I'm glad you found it useful. I just felt like writing something, can't do tactics as I'm not playing and haven't gamed properly for a while, so I might try my hand at a few theories etc.

I thought I would leave that open, that way players would be encouraged to try out different combinations. Hm, slayer characters are odd to handle.


Personally I think a rune weapon is wasted on them, unless you give them the MRoSwiftness. The reason being, the slayer skill modifies the strength to wound on a 4+, and so there is little need to give him extra strength. In most cases, that will be enough. If you need more, then the great weapon will work when the slayer skill doesn't. Naked they have between four and five attacks (dependant upon level), which is without the runes - making them relatively cheap and skill have their uses. The main thing slayers suffer badly against is high save, low toughness units, and of course the lack of armour.

Kuffy


----------



## squeek (Jun 8, 2008)

Nice write up kuffy, always good to see a bit of well thought out theory. +rep


----------



## Sarcasm (Nov 23, 2008)

I'd like to comment on slayers. Once in a game against High Elves I charged my dragon slayer (naked) into a Prince on a Star Dragon. I sort of did it for a laugh but my slayer went on to kill the Prince and then the dragon flew off the table. I laughed so hard I nearly cried.


----------



## mgtymouze (Dec 7, 2007)

I am surprised that you never mention the Rune Lord or Anvil of Doom. I am a firm believer in the Rune Lord/Anvil combo coupled with Strollaz's Rune. 

Unless something goes totally wrong this can possibly place one unit charging in round 1. Strollaz's rune gives you a free normal or march move prior to the first turn(for all units within 12" of the standard), Movement allows you to take another 6" march move, and a normal powered rune of Oath and Honor gives you another free move which may be a charge in the shooting phase. For a unit deployed at the edge of your deployment zone, this is 18" in the direction of the enemy. For a unit of Rangers deployed forwardly (yet out of sight of the enemy player), this can possibly lead to ending up in the enemy's deployment zone. 

A smart player will allow a Dwarf player with an anvil to take the first turn. Unfortunately most people see a Dwarf army and think Castle Defense. In these situations, give the enemy player the first turn and allow him to move forward. Any mounted unit that's strength is raised due to charging you should be one of your priority targets. You gaining the advantage by charging and denying your enemy the chance to counter your toughness is ALWAYS a smart move. 

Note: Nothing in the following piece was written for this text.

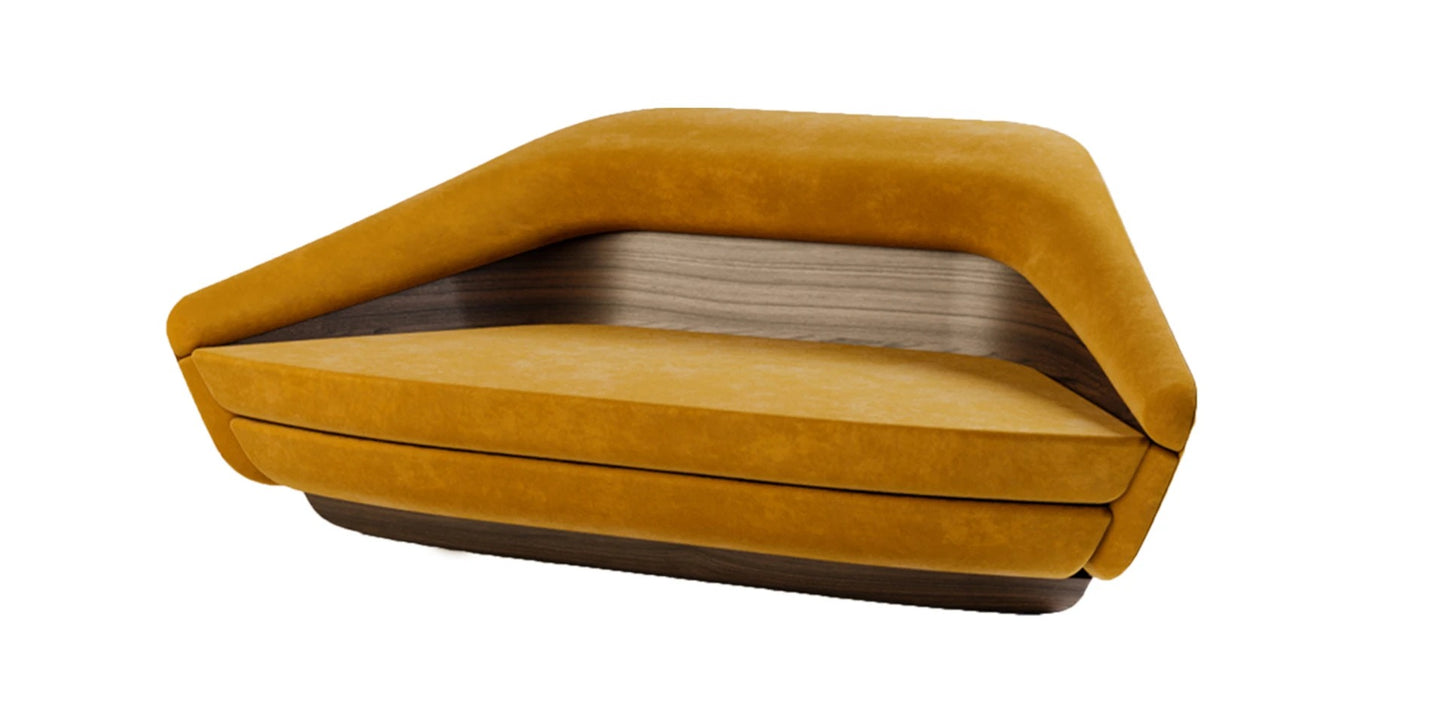 Alma De Luce Matterhorn Sofa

I could go into depth about the other runes available to a Rune Lord with Anvil but I would end up taking over your post. I appologize for rambling on here. Also + rep for the good guide.


----------



## Kuffy (Oct 15, 2008)

mgtymouze - The reason I didn't mention the anvil, is because this was not suppose to be a guide on what characters do well and how to arm them, but rather a little bit of thought into the use of runes. Recapping my post, I believe that many dwarf players go a little overboard with runes. The problem with this is they tend to lack points for units and the short movement of the dwarfs means that they runed characters will not always enter a fight on their terms.

I was attempting to encourage thought behind the choices players made, thinking of what they want them to do, and use runes to help augment their ability to achieve the task.

Kuffy


----------



## Dafistofmork (Jan 9, 2009)

A few weeks ago(or was it last week-whatever) i tried a rune bank, where players could discuss there favourate runic items. mine sort of died, but this looks long lasting. +rep to you.


----------



## mgtymouze (Dec 7, 2007)

I see after a third read where you were going. I focused on some of the tactics mentioned (MRoI on a boltthrower is a fav of mine) and went on a triad from there. Sorry about that; I still think you have written a very thoughtful article and am surprised you have not recieved comments from Snorri or Ancient on this post. I look forward to seeing more thoughts on the stunties.


----------



## Kuffy (Oct 15, 2008)

Dafistofmork - Saw, but my mind went blank as to combinations. This is just my general theory of how to rune better. 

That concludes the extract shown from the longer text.